Activity
Output only the span of lines that begins at the line containing "Купить квартиру за" and ends at the last line of the data, both included, exactly as they appear.

[Stored data entries]
========================================

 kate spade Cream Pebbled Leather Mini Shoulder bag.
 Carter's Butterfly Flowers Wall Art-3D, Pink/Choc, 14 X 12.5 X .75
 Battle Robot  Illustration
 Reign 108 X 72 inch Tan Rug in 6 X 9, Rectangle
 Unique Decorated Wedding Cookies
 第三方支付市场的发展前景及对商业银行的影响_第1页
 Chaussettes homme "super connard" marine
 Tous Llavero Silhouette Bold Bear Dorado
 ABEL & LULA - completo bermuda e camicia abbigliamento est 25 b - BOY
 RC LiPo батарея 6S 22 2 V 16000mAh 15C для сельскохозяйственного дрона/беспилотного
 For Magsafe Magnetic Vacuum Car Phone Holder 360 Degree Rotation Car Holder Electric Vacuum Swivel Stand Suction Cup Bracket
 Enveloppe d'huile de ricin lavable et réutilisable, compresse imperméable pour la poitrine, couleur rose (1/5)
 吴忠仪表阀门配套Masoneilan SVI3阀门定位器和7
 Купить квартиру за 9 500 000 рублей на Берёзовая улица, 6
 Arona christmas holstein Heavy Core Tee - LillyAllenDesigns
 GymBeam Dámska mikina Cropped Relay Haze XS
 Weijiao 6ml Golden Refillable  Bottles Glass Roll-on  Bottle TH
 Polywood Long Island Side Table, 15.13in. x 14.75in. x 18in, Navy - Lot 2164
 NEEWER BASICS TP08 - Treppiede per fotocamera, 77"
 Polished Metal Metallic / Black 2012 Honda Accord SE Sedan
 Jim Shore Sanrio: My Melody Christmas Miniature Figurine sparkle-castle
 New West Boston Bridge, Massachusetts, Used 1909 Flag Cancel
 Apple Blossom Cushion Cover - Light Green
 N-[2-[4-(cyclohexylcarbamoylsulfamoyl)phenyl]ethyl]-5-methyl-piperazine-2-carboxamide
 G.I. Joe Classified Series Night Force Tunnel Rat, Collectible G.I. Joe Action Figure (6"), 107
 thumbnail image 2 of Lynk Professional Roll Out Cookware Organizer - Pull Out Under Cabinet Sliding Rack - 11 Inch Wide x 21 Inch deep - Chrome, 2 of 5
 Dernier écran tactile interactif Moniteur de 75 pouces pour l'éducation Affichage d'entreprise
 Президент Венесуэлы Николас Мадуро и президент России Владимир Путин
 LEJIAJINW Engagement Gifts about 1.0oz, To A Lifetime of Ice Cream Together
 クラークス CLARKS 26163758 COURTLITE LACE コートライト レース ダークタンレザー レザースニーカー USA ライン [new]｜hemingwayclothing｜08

========================================

Answer box
 Купить квартиру за 9 500 000 рублей на Берёзовая улица, 6
 Arona christmas holstein Heavy Core Tee - LillyAllenDesigns
 GymBeam Dámska mikina Cropped Relay Haze XS
 Weijiao 6ml Golden Refillable  Bottles Glass Roll-on  Bottle TH
 Polywood Long Island Side Table, 15.13in. x 14.75in. x 18in, Navy - Lot 2164
 NEEWER BASICS TP08 - Treppiede per fotocamera, 77"
 Polished Metal Metallic / Black 2012 Honda Accord SE Sedan
 Jim Shore Sanrio: My Melody Christmas Miniature Figurine sparkle-castle
 New West Boston Bridge, Massachusetts, Used 1909 Flag Cancel
 Apple Blossom Cushion Cover - Light Green
 N-[2-[4-(cyclohexylcarbamoylsulfamoyl)phenyl]ethyl]-5-methyl-piperazine-2-carboxamide
 G.I. Joe Classified Series Night Force Tunnel Rat, Collectible G.I. Joe Action Figure (6"), 107
 thumbnail image 2 of Lynk Professional Roll Out Cookware Organizer - Pull Out Under Cabinet Sliding Rack - 11 Inch Wide x 21 Inch deep - Chrome, 2 of 5
 Dernier écran tactile interactif Moniteur de 75 pouces pour l'éducation Affichage d'entreprise
 Президент Венесуэлы Николас Мадуро и президент России Владимир Путин
 LEJIAJINW Engagement Gifts about 1.0oz, To A Lifetime of Ice Cream Together
 クラークス CLARKS 26163758 COURTLITE LACE コートライト レース ダークタンレザー レザースニーカー USA ライン [new]｜hemingwayclothing｜08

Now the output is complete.